The Dollar was lower on Monday. The week started off on a quiet note amid the Fed blackout and not much on the calendar schedule, although sits well off lows (107.40 currently vs lows of 106.88) after risk assets tumbled into the NY afternoon after Bloomberg reported Apple (AAPL) was slowing its hiring plans. The only data point of note in the US was the NAHB housing market index, falling harder than expected and at a low not seen since May 2020. Looking ahead, there is not much scheduled this week in the US, aside from earnings season and Flash PMIs, as market participants await the key Fed meeting on July 27th. Technicians flag support for the DXY at 106.35 and 105.65, with rate differentials a likely driver this week ahead of the ECB on Thursday.

Activity currencies mostly firmed against the Buck, with GBP outperforming whilst the NZD was the underperformer, flat, with the CAD and AUD somewhere in between. Looking ahead, Tuesday sees RBA minutes with Bullock speaking at the RSA as well as BoE’s Bailey speaking. Additionally, on Wednesday the highlights include UK and Canadian CPI as well as NZ trade data.

Cable managed to break the pivotal 1.2000 level to a peak of 1.2033, albeit to fall back beneath it later in the session. In terms of newsflow, BoE’s Saunders said he believes that the tightening cycle has "some way to go" and the cost of not tightening promptly enough would be relatively high at present. Elsewhere, in the Conservative leadership race, Tom Tugendhat has been knocked out of the UK Conservative leadership race having received the least number of votes in the third ballot; Sunak leads with 115 followed by Mordaunt with 82.

The Loonie also saw decent gains against the Greenback, before the risk off seen later on, with the gains of over USD 5/bbl in WTI and Brent helping. Highlighting this, the USD/CAD cross hit a low of 1.2899, with technicians noting the cross dipped beneath the pivotal 21 DMA support level which it had supported since mid-June.
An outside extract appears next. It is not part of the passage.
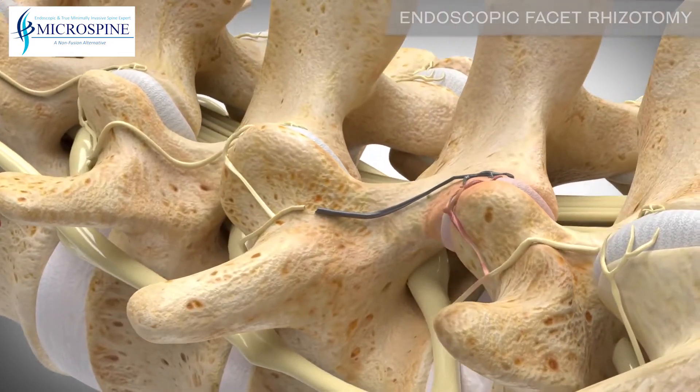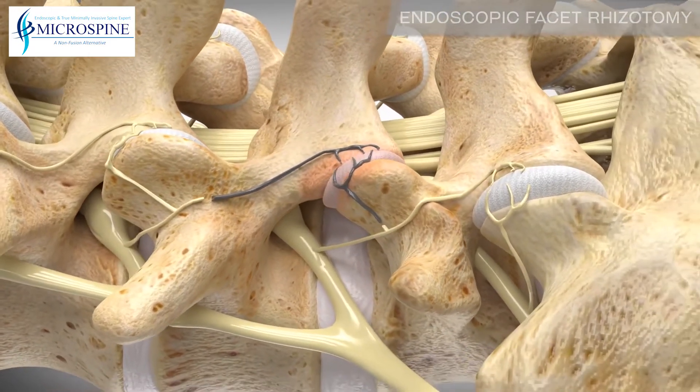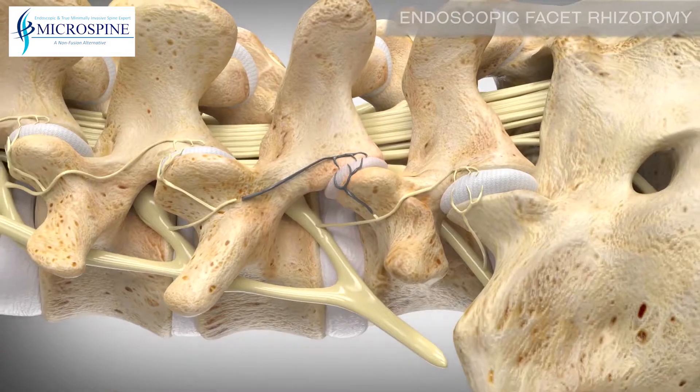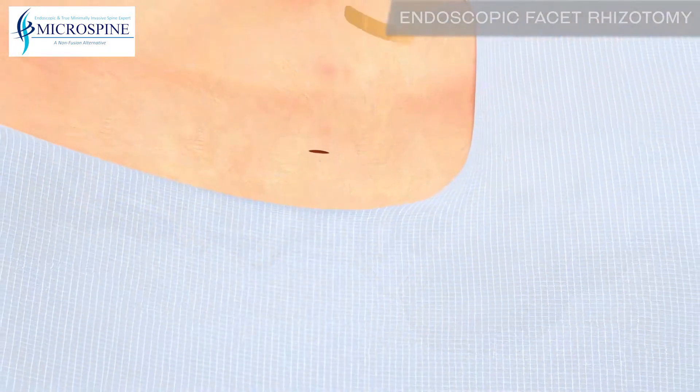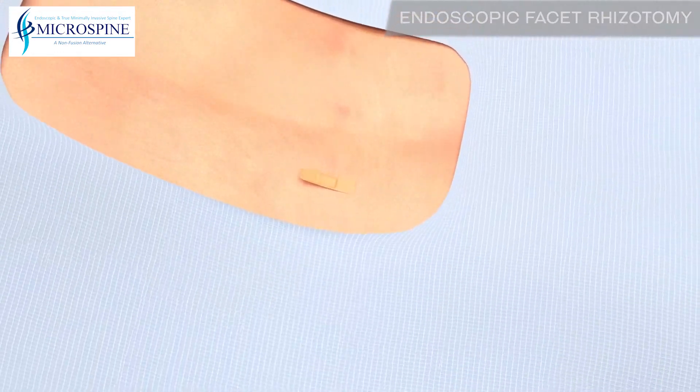The process is then repeated for the adjacent level. Once the nerves are isolated, the pain generated by the facet can be significantly reduced. This procedure can be done through a single incision and closed with a small bandage.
As such, the next key Fib techs are looking at is 1.2871.

For the antipodes, Aussie took advantage of the dollar pullback to reclaim 0.6850, albeit briefly, as commodities and yields gained to the benefit of the antipode. NZD traded within tight parameters and could not glean traction from the fading Buck, which came after stronger than anticipated NZ Q2 CPI and the RBNZ rolling out a new standing repo for eligible banks to lend NZDs 15bps under the OCR.

Safe-havens, CHF and JPY, were mixed with the Yen seeing mild gains and the Franc slight losses. Both traded within pretty narrow ranges against the Buck, and whilst the Yen managed to breach 138.00 to the downside, market participants await the BoJ rate decision Thursday.
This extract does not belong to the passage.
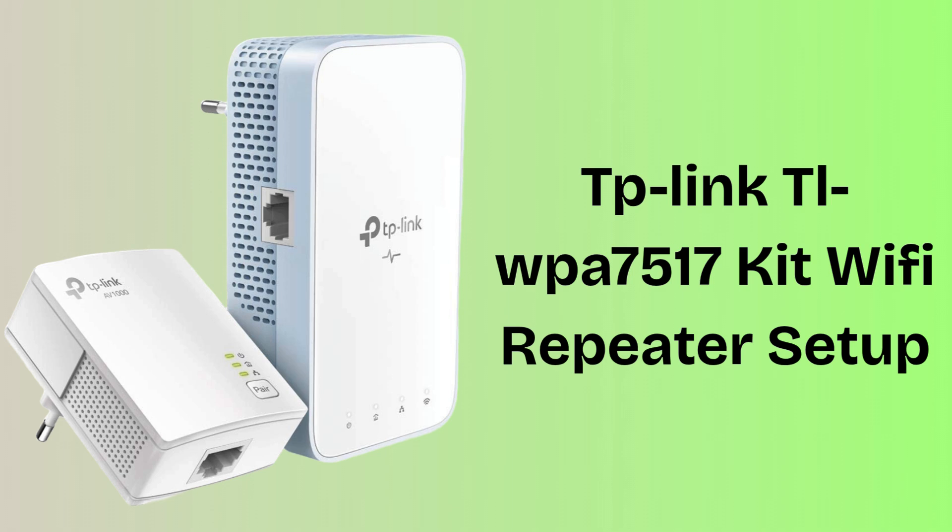The TP-Link TLWPA7517 KIT is a Wi-Fi repeater and power line adapter that extends your internet using your home's electrical wiring. It delivers fast dual-band Wi-Fi and wired connections to hard-to-reach areas without extra cables. So let's start the video.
EUR saw gains, largely benefitting from the broader Dollar pullback as opposed to anything fundamental for the single currency, coming despite the looming Nord Stream 1 decision (due Thursday once the maintenance period ends) as optimism fades. Otherwise, participants look to the ECB meeting on Thursday where the central bank will deliver on its heavily flagged 25bp rate hike, a lift-off that will impact all three key rates and lift the main depo rate from -0.50% to -0.25%. Sources and commentary indicate that some of the more hawkish officials (e.g. Holzmann) on the GC want at least the optionality for a 50bp hike at this meeting, as such there could well be dissent on the vote.

EMFX were predominantly lower on Monday with BRL, ZAR, TRY, and RUB all seeing losses with MXN and CNY the outperformers. The Peso rode the crude wave, while the TRY was hindered by the aforementioned crude strength. BRL also saw losses against the Buck, where Brazilian IGP-10 inflation printed above expected.